Advogados cujo comportamento e linguajar contra as partes em audiências e processos são considerados “excessivos” têm sido condenados a pagar danos morais. Ainda que o Estatuto da Advocacia dê a liberdade à atuação desses profissionais, o Superior Tribunal de Justiça (STJ) em pelo menos cinco casos condenou os advogados por afronta à honra dos envolvidos nas ações – sejam partes ou mesmo magistrados. A Corte, nos processos julgados, entendeu que a imunidade profissional não é absoluta.
Por ter dito, por exemplo, em um processo que um cliente do Banco do Brasil estava “mais perdido que cachorro de pobre em dia de mudança”, o STJ condenou o advogado do caso a pagar dez salários mínimos (R$ 5.200) ao consumidor. O detalhe é que o banco foi excluído da condenação pelo STJ, ao contrário do entendimento do Tribunal de Justiça do Maranhão – que havia condenado a instituição ao pagamento. Para os ministros – entendimento aplicado a todos os casos -, as empresas não poderiam ser condenadas, pois não permitiram em nenhum momento que os advogados utilizassem expressões caluniosas ou agressivas. O Banco do Brasil informou que concorda com a tese do STJ, tanto que “advogou” nesse sentido.
O Banco do Estado do Espírito Santo (Banestes) também se livrou de uma indenização que acabou por recair sobre o advogado que o representava no processo. O profissional acusou a parte contrária, um juiz, de agir com autoridade. O magistrado propôs uma ação contra o Banestes para discutir uma agressão que teria sofrido de um segurança da agência. Pelo excesso do advogado na defesa do banco, recebeu o equivalente a dez vezes o valor de seus vencimentos. O Banestes não quis comentar o assunto.
A imunidade profissional do advogado é garantida pelo Estatuto da Advocacia, uma lei de 1994. Segundo a norma, não constitui “injúria ou difamação puníveis qualquer manifestação que parte do advogado, no exercício de sua atividade, em juízo ou fora dele”. No entanto, os excessos cometidos podem ser punidos com sanções disciplinares pela Ordem dos Advogados do Brasil (OAB), de acordo com o Estatuto. Porém, o STJ entende que há limites para a aplicação da norma.
O presidente do Tribunal de Ética da OAB de São Paulo, Carlos Roberto Mateucci, diz que o advogado precisa da imunidade profissional para atuar com autonomia e liberdade. “Porém, não quer dizer que ofensas desproporcionais, não vinculadas ao tema do processo, não possam ser punidas tanto no Tribunal de Ética quanto por uma eventual ação de danos morais “, afirma.
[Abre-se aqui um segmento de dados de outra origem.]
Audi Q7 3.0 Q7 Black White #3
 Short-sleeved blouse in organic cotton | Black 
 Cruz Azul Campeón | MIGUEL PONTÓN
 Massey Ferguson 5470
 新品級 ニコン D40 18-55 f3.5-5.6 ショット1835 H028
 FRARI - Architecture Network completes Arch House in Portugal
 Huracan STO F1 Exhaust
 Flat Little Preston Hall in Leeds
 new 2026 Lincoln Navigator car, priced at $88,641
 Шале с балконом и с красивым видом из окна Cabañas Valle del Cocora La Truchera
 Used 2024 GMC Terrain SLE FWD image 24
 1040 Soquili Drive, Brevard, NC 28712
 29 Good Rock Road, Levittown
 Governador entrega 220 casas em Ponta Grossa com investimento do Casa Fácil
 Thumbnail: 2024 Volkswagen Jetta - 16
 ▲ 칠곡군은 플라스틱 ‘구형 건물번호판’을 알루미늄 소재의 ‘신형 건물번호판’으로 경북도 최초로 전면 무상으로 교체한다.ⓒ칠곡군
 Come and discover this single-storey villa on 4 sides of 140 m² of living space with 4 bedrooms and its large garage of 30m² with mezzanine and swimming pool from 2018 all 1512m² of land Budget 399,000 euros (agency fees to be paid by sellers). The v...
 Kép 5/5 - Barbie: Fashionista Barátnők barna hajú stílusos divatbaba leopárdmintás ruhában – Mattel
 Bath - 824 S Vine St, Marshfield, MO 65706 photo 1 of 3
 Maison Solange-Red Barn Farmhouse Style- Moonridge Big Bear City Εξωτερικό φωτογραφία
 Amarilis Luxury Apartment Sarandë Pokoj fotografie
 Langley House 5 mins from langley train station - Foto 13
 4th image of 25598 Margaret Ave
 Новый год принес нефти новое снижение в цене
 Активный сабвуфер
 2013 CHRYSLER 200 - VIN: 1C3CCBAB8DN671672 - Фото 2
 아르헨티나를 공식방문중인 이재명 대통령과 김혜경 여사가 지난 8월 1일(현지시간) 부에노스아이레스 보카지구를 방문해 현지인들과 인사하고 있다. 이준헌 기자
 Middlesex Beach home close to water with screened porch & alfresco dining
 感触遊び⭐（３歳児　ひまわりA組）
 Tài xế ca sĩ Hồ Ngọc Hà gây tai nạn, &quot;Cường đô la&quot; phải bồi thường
O diretor presidente do Movimento de Defesa da Advocacia (MDA) Marcelo Knopfelmacher, também concorda com essa posição. Para ele, o advogado não pode fazer ofensas pessoais ao juiz ou à parte contrária nas contestações. No entanto, Knopfelmacher entende que a empresa contratante dos serviços jurídicos pode indenizar conjuntamente, caso tenha conhecimento da peça processual que causou a ofensa antes de ser incluída no processo.
Além das ofensas √†s partes, os juízes titulares dos processos que se sentem lesados também têm pedido indenizações contra advogados. Em um desses casos, por exemplo, um juiz federal do trabalho, no Rio Grande do Norte, foi acusado de ter presidido “audiência por debaixo do pano”, permitido a “instalação de banca de advocacia em sala de audiência” , e, por fim, de “forjar sentença”. Por isso, foi condenado a R$ 50 mil de indenização no STJ.
Outro advogado que defendia um político na Justiça Eleitoral, em um processo por propaganda irregular, também foi condenado a pagar essa mesma quantia, por decisão da Corte. O advogado acusou o juiz, no recurso, de ser “aplicador de dois pesos e duas medidas” ao beneficiar os partidos de esquerda nas suas ações, ser “membro de juizado ou tribunais de exceção”, ser juiz que não teria dignidade sequer para renunciar à magistratura.